After experiencing a teenage boy's memories while consuming his brain, R makes an unexpected choice that begins a tense, awkward, and strangely sweet relationship with the victim's human girlfriend. Julie is a burst of vibrant color in the otherwise dreary and gray landscape that R lives in. His decision to protect her will transform not only R, but his fellow Dead, and perhaps their whole lifeless world...
Scary, funny, and surprisingly poignant, Warm Bodies is about being alive, being dead and the blurry line in between.

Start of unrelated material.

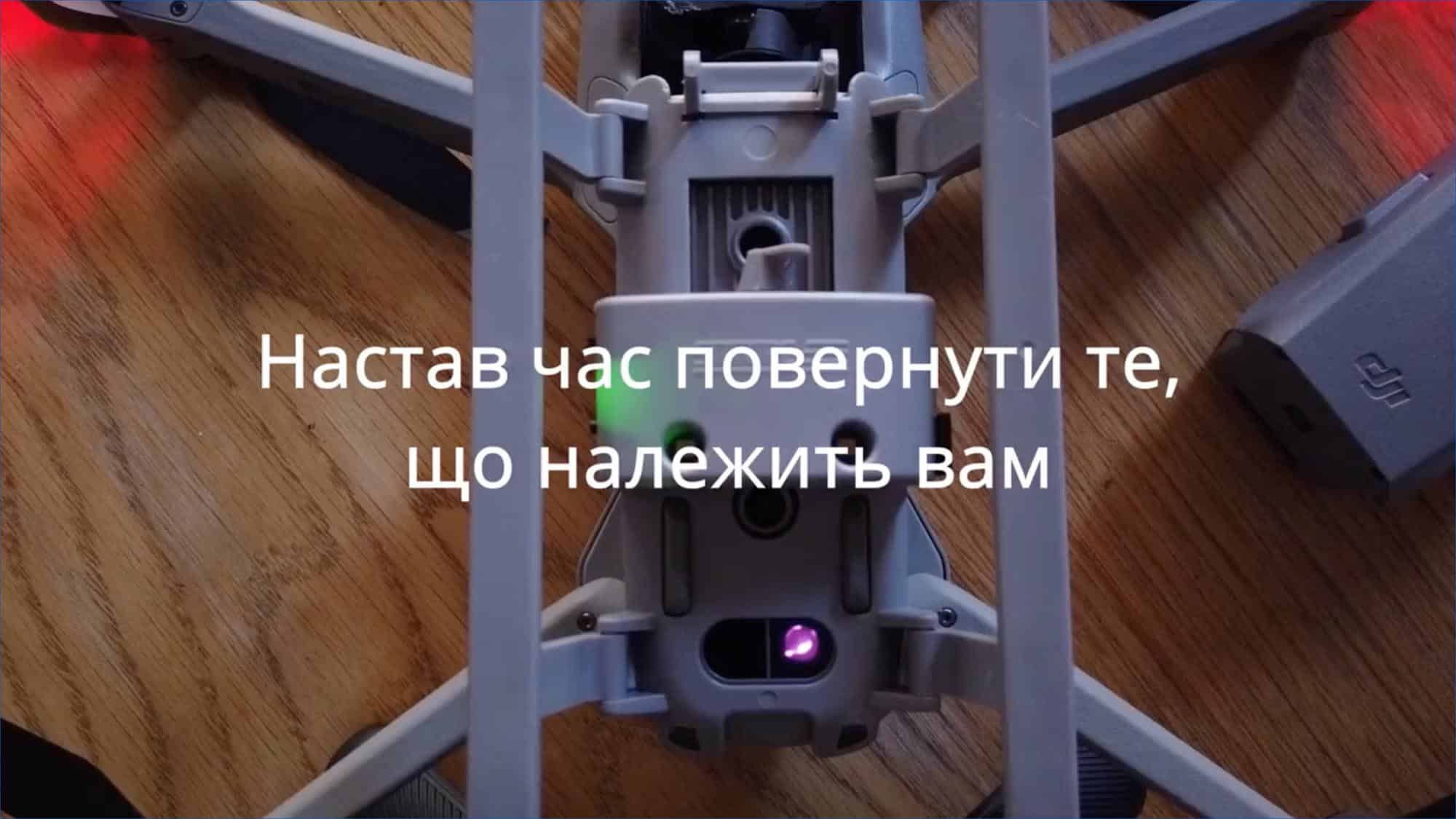 Close-up of a folding drone on a table with Ukrainian subtitles overlaid.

R, zombie, falls for Julie. Complicating the mess is that R just ate Julie’s boyfriend (Perry)’s brain. That is to say nothing of the chaos surrounding them, R’s desire to protect Julie, and the startling discovery they make together about zombies. And humanity. And love.
What We Loved:
At the core, this is a story about enduring love. It just so happens that the enduring love takes place in the middle of apocalyptic conditions with the situation growing more dire by the day.
Um...Not So Much:
This book doesn’t shy away from gore, and there are anatomical drawings scattered throughout, which we loved and hated.
R is adorable. Not just for a zombie, but, the way he thinks, the way he behaves, how his humanity unfolds… it’s compelling. Especially for a zombie. We’re not zombie fanatics. We don’t like to read gore. We shy away from the horror genre. But R drew us in and made us love him. Hard. The way he thinks is pithy and funny and poignant. On being a zombie:
We grunt and groan, we shrug and nod, and sometimes a few words slip out. It’s not that different from before.
You might say death has relaxed me.
On his best friend, M:
I’d like to sit down with him and pick his brain, just a tiny bite somewhere in the frontal lobe to get a taste of his thoughts.
And, of course, this made us laugh – their friendship and banter:
I grab my stomach again. ‘Feel empty. Feel . . . dead.’
He nods. ‘Marr . . . iage.’
Of course, R has some deep and difficult moments.
Why do I want to know the names and functions of all the beautiful structures I’ve spent my years violating? Because I don’t deserve to keep them anonymous. I want the pain of knowing them and, by extension, myself: who and what I really am. Maybe with that scalpel, red hot and sterilised in tears, I can begin to carve out the rot inside me.
Julie is smart and sassy, and the way her backstory and relationship with her father unfolded was beautiful.
What We Think Will Happen Next:
According to Isaac Marion’s Amazon page, there is a sequel coming out at some point. We’re excited to see where that picks up. We wish we could even speculate about what might happen next, but the way Marion writes is so lyrical and beautifully composed, we wouldn’t even want to hazard a guess.
If you’re into zombies – and even if you’re not – this is a fantastic read. We laughed out loud several times, we cried, and we were so deeply engrossed and invested in the characters and what was happening to R and Julie as time slipped by.